И дальше — самое главное — о будущем буржуазной цивилизации в России:

«Внутренний процесс гражданского развития в России начнется не прежде, как с той минуты, когда русское дворянство обратится в буржуази».

Нужно только представить себе, какое содержание вкладывал Белинский в слова «гражданское развитие России», чтобы понять, как многозначительна была для него мысль о том, что на данном историческом этапе новоявленная русская буржуазия послужит интересам народа и что русское дворянство должно окончательно выйти из круга феодальных крепостнических отношений, дабы возможно скорее отдать свои силы капиталистической, торгово-промышленной деятельности.

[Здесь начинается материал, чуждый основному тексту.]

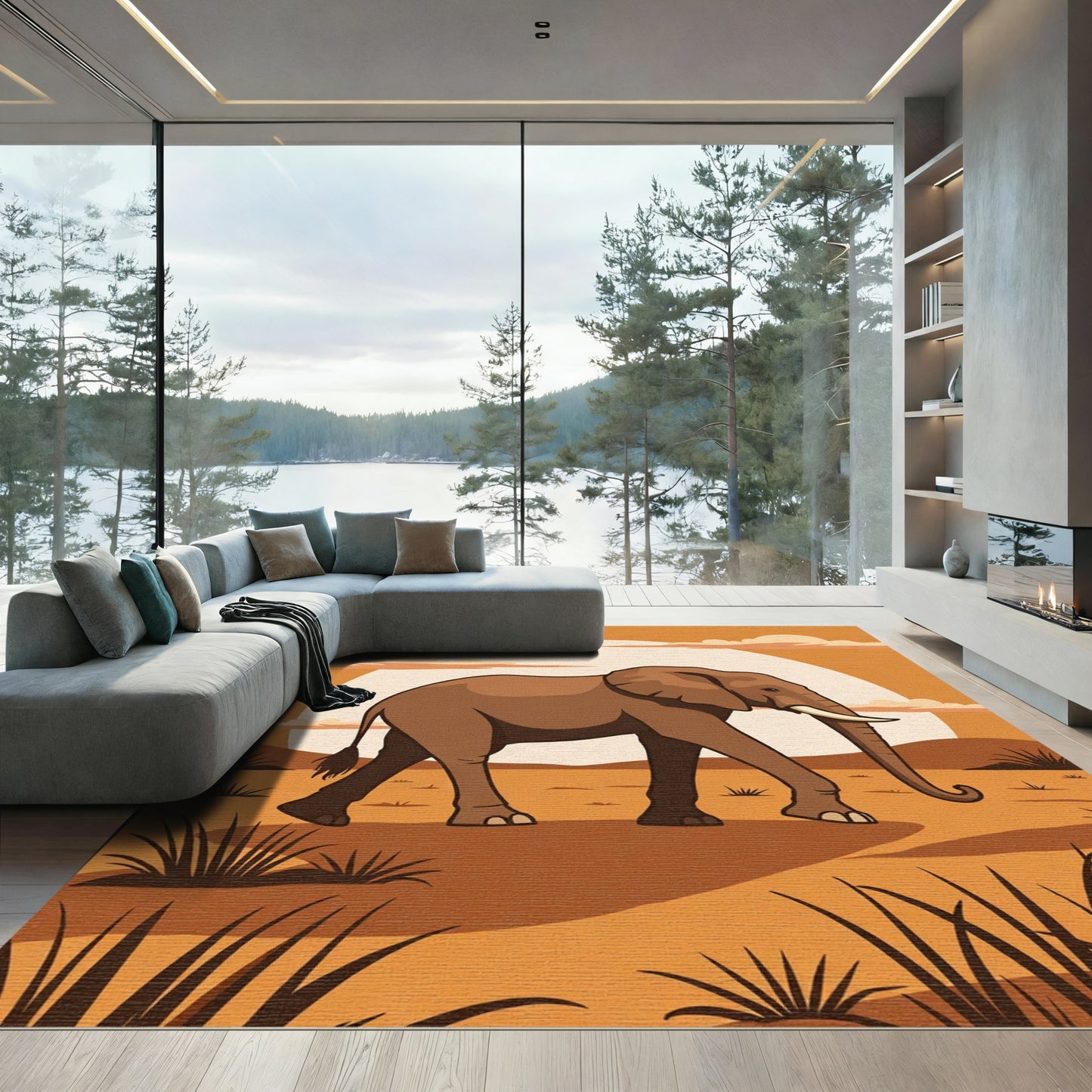 Brown Elephant Safari Sunset Scene Rug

Белинский в ту пору постоянно твердил, что «патриархальный, сонный быт весь изжит», что «надо взять другую дорогу», — и вот теперь после заграничной поездки окончательно утвердился в уверенности, что по этой новой, «буржуазной» дороге Россия рано или поздно придет к освобождению от вековечного рабства. Правда, он хорошо сознавал, что и на этой дороге народные массы подвергнутся новым обидам, новому грабежу и насилию, но в то же время ему было ясно, что это — единственная дорога к прогрессу, к освобождению от тысячелетнего «варварства», к уничтожению ненавистного самодержавного строя.

И можно ли сомневаться, что, обретя эту истину, Белинский, как это бывало всегда, излагал ее не только на бумаге, но и в оживленных беседах с друзьями. Среди этих друзей самый близкий к нему человек был юный Некрасов, его товарищ по журналу «Современник», где только что появились тогда парижские письма Герцена, посвященные тлетворному владычеству денег. Эти письма прошли через руки Некрасова, который, как редактор журнала, читал их с особым вниманием. И, конечно, Белинский не мог не поделиться с Некрасовым своею заветною мыслью, что внутренний процесс гражданского развития России полностью обусловлен развитием капиталистических отношений.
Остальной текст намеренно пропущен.